I've been to Fremont a few times for the White Bass run. Can anyone tell me what the name of those white & red bobers that make noise are, and where I can get them? By the time I get to Anglers on Howland all of the bigger ones are usually taken.


----------



## archman (Apr 30, 2004)

Those are called agitators. Most bait shops around the river will have them. I've never actually seen them at any of the retail places.


----------



## fishcoffin (Nov 10, 2004)

u could also try the bobbers that are green or orange on the top and white on the bottom. You run your line through the top of bobber and push the weight throught the whole in the bottom and your set.
Just another tip i always catch bigger white bass without minnows i use this bobber above a twister tail and a white roster tail on the bottom and works for me every year. Plus im to lazy to keep putting minnows on.


----------



## patsheart (Feb 24, 2007)

Thanks Arch & Fish.  I've been looking for the agitators online, and they're harder to find than hairy fingernails (not that I've been looking). Fish I'm getting to the lazy stage also, but my artificial bait presentation leaves something to be desired. I'm always looking to learn, and wouldn't mind fishing with a buddy up there, I usually take the children. Let's hook up when it warms up.


----------



## KWILSON512 (Feb 16, 2007)

I use them all the time and dont know where I pick them up at but email me your info at [email protected] and i'll ship you one.


----------



## patsheart (Feb 24, 2007)

KWILSON512 said:


> I use them all the time and dont know where I pick them up at but email me your info at [email protected] and i'll ship you one.


Done K, Thanks!!!!


----------



## Rockman (Jan 22, 2007)

I saw the agitator floats with the rattles inside (today) at Molnar's Outdoors on RT 58 just South of Rt 113. They are located in the Elyria/Amherst area. They sell them for around $3.50 ea. They also have a pre-made setup that has the leaders and flies. If I rememeber correctly the maker was Jacks or Jocs or Jocks. If you are traveling via Turnpike or Rt 2 the exit's are only minutes away from the store, which is South of the exits.


----------



## BFG (Mar 29, 2006)

I recall buying a few at Maumee Tackle. On another note...do you guys really think these things are necessary??

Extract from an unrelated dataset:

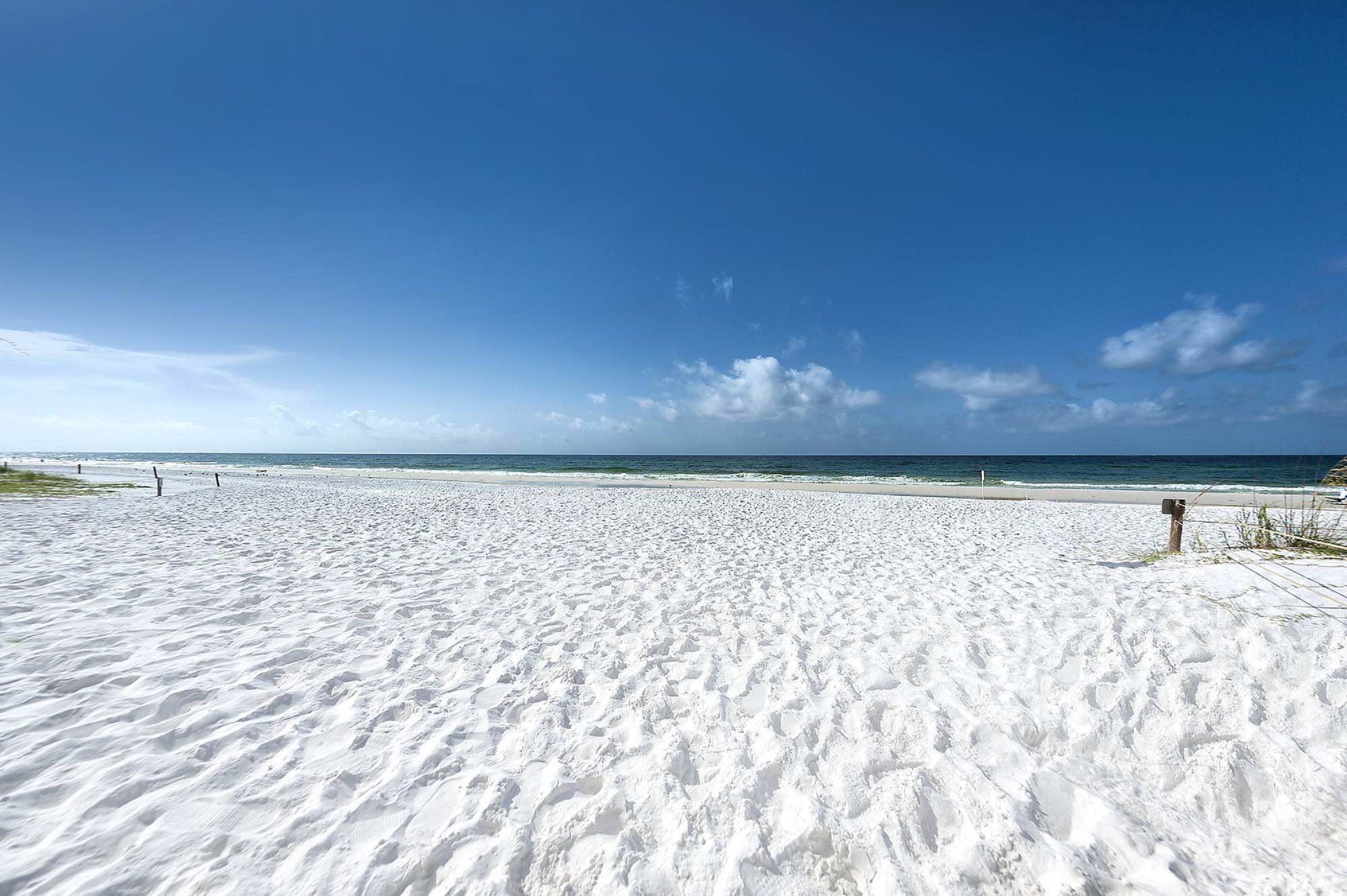 Ein weiter Sandstrand mit blauem Himmel und dem Meer im Hintergrund.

Boy...they are an awful lot of work...chug chug chug chug...Way more work than I want to put into white bass fishing. 

Just tie up a double jig rig on a three way and be done with it!! LOL


----------



## fishcoffin (Nov 10, 2004)

No not really bfg i only use the bobber when i fish off the wall, which is pretty much all the time, cause im no really into the crowd, and less snags.


----------



## patsheart (Feb 24, 2007)

Do you miss many fish? That's what I was always worried about. Also what's the earliest the White Bass come in?


----------



## 1armwilly (Jun 13, 2006)

i fish the white bass run every year and i can say from experience that they make no diffrence during the run but towards the end when things thin out and there are no people left use them with a fly a dry fly works best you will be suprised how many bass are still in there and how many you will catch. and if you see a dude missing half an arm that is me!


----------